EP_NAME=sarashina22-05b-ep

エンドポイントの情報は、下記のような curl コマンドで取得できます。

curl -k -s --request GET \
--url "https://$NAI_UI//api/enterpriseai/v1/endpoints/$EP_NAME" \
--header 'Accept: application/json' \
-u "$NAI_USER:$NAI_PASS" \
--header 'Content-Type: application/json' | jq -r .

実際にエンドポイントの情報を取得した様子です。

$ curl -k -s --request GET \
--url "https://$NAI_UI//api/enterpriseai/v1/endpoints/$EP_NAME" \
--header 'Accept: application/json' \
-u "$NAI_USER:$NAI_PASS" \
--header 'Content-Type: application/json' | jq -r .
{
  "data": {
    "id": "sarashina22-05b-ep",
    "createdAt": "2026-05-24T18:14:42.433362Z",
    "updatedAt": "2026-06-15T15:22:25.021761Z",
    "name": "sarashina22-05b-ep",
    "modelId": "nai-ced3d622-038b-42ba-acac-55",
    "modelName": "sarashina22-05b",
    "modelCapabilities": [
      "text-to-text"
    ],
    "cpu": 4,
    "memory": 16,
    "acceleratorCount": 1,
    "acceleratorProduct": "NVIDIA-A16",
    "description": "",
    "createdBy": {
      "id": "00000000-0000-0000-0000-000000000000",
      "username": "admin"
    },
    "endPointUrl": [
      "/enterpriseai/v1/chat/completions"
    ],
    "minInstances": 1,
    "maxInstances": 1,
    "actualInstances": 1,
    "engine": "vllm",
    "validated": false,
    "adminEnabled": true,
    "platform": "nvidia-gpu-passthrough",
    "purpose": "real-time",
    "expandValues": {
      "actualInstances": "1"
    },
    "experimental": false,
    "runtimeImage": "docker.io/nutanix/nai-vllm:v0.13.0-gpu",
    "engineSource": "nai",
    "kvAwareRouting": false
  },
  "msg": "Endpoint fetched successfully"
}

2. API キー ID の確認

今回は、エンドポイントの作成と同時に API キーを割り当てます。エンドポイントの JSON では API キーの ID を指定するため、ここで確認しておきます。

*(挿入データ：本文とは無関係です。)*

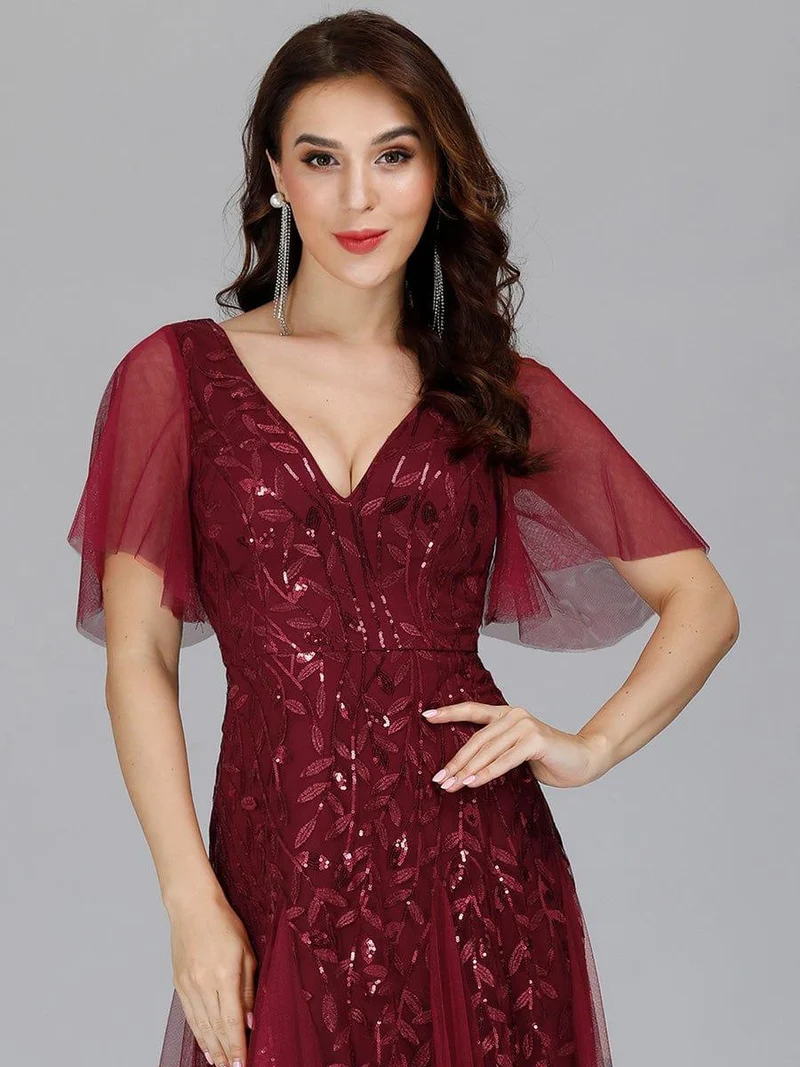MEILLEURS CHOIX Robes de soirée bordeaux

API キーの ID は、下記のような curl コマンドで確認できます。

エンドポイント名は、sarashina22-05b-ep-2 にしています。（最大20文字）
apikeys の search は、POST メソッドです。
API キーの名前（demo-key-01）に一致する（equalTo）キーのみ取得します。
jq のクエリで、id のみ取得しています。（jq -r .data.apikeys[0].id）

curl -k -s --request POST \
--url "https://$NAI_UI/api/enterpriseai/v1/apikeys/search" \
--header 'Accept: application/json' \
-u "$NAI_USER:$NAI_PASS" \
--header 'Content-Type: application/json' \
    --data '{
    "filters": [
        {
            "field": "name",
            "operation": "equalTo",
            "values": [
                "demo-key-01"
            ]
        }
    ],
    "limit": 1,
    "offset": 0,
    "sort": [
        {
            "field": "name",
            "order": "ASCENDING"
        }
    ]
}' | jq -r .data.apikeys[0].id

実際に実行すると、下記のように API キーの ID（nai-8b1846b9-ca60-4a75-871f-0b）を取得できます。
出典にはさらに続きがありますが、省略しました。